OM: decision to carefully shadow lawyer Meijering

In a new hearing in the Marengo trial against the criminal organisation of Ridouan Taghi, the Public Prosecution Service defended itself against the accusations made by the lawyers last week. The lawyers spoke of a “declaration of war by the OM” and want the judges to investigate the actions of the OM.

Among other things, the lawyers were angry about an official report in a related judicial investigation that was attached to the case. In it, Crown witness Nabil B. suggests that a number of lawyers leaked confidential information to criminals.

According to the Public Prosecutor’s Office, that piece was intended to demonstrate that the key witness was a confidant of the organization and that the main suspect was Ridouan Taghi, the leader of that group. “It is not for us to judge the actions of the lawyers,” the prosecution said. “That’s up to the dean of the Bar Association.” The Dean of the Amsterdam Bar Association has begun an investigation into the lawyers.

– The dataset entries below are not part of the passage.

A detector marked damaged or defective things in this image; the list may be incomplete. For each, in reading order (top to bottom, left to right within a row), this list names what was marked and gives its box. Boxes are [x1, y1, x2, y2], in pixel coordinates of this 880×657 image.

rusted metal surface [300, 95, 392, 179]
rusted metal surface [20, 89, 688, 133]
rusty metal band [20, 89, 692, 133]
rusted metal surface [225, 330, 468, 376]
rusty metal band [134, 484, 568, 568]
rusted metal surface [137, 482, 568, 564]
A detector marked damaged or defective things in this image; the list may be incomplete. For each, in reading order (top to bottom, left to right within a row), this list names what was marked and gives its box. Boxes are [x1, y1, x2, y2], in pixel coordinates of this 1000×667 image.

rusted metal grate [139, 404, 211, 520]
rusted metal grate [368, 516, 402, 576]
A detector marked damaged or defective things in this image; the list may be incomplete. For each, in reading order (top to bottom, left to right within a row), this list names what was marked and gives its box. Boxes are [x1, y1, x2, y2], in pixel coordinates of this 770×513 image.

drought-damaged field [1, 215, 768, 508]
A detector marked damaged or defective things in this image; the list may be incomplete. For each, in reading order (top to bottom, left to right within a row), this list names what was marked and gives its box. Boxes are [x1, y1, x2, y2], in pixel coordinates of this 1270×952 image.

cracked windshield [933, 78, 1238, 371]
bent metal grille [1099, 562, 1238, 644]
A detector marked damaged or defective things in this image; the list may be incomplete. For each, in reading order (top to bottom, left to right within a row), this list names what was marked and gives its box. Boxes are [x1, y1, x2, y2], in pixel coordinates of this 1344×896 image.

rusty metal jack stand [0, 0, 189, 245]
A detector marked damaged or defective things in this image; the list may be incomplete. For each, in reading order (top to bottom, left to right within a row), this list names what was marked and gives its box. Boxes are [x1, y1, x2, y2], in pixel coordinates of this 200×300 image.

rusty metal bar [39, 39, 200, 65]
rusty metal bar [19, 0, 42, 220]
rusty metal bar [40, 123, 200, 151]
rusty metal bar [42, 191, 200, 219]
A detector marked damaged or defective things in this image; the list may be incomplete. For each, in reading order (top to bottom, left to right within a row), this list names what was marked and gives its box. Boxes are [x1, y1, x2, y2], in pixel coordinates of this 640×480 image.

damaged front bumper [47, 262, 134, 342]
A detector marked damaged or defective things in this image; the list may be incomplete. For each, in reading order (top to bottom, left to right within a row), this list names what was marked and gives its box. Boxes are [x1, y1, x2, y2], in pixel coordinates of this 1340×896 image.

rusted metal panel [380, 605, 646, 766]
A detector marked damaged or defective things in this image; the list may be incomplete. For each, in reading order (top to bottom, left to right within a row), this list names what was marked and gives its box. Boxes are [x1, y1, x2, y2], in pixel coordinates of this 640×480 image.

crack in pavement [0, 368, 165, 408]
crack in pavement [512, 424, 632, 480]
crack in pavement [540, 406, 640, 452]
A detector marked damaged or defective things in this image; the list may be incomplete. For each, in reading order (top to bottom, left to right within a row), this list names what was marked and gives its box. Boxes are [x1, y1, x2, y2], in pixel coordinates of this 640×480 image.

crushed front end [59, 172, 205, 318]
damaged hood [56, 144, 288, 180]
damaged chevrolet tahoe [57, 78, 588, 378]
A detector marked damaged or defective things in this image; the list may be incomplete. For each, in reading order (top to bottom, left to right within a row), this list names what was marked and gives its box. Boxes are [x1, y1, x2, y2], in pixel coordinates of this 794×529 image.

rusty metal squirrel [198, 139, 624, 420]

In reports about these new documents in the media, the lawyers were labelled ‘messenger boy’ and ‘passersby’. The Public Prosecutor’s Office distances itself from this and denies that it has leaked the report in question to the media. In the opinion of the Public Prosecution Service, the heavy accusations made by the lawyers at the previous hearing were therefore unjustified.


The lawyers had also complained that lawyer Meijering was followed by the police during a trip to Dubai. “To quote Rutte, you stay away from lawyers with your paws. That also applies to the Public Prosecutor”, he said last week. “Lawyers must be free to do their job.”

The Public Prosecutor says the lawyer’s shadowing was justified. “Observation of lawyers is permitted. Strict rules apply to eavesdropping on the content of conversations with secretaries, but these do not apply to observation. However, the commitment to attorneys at law has been weighed with the greatest possible care”

In that consideration it was of great importance that the Public Prosecution Service received a tip that the lawyer would meet Taghi. That tip turned out to be incorrect, but Taghi was the most wanted suspect in the Netherlands at the time. “While he was on the run, there were still murders being committed,” says an officer. One of those murders was that of the brother of the key witness in this case.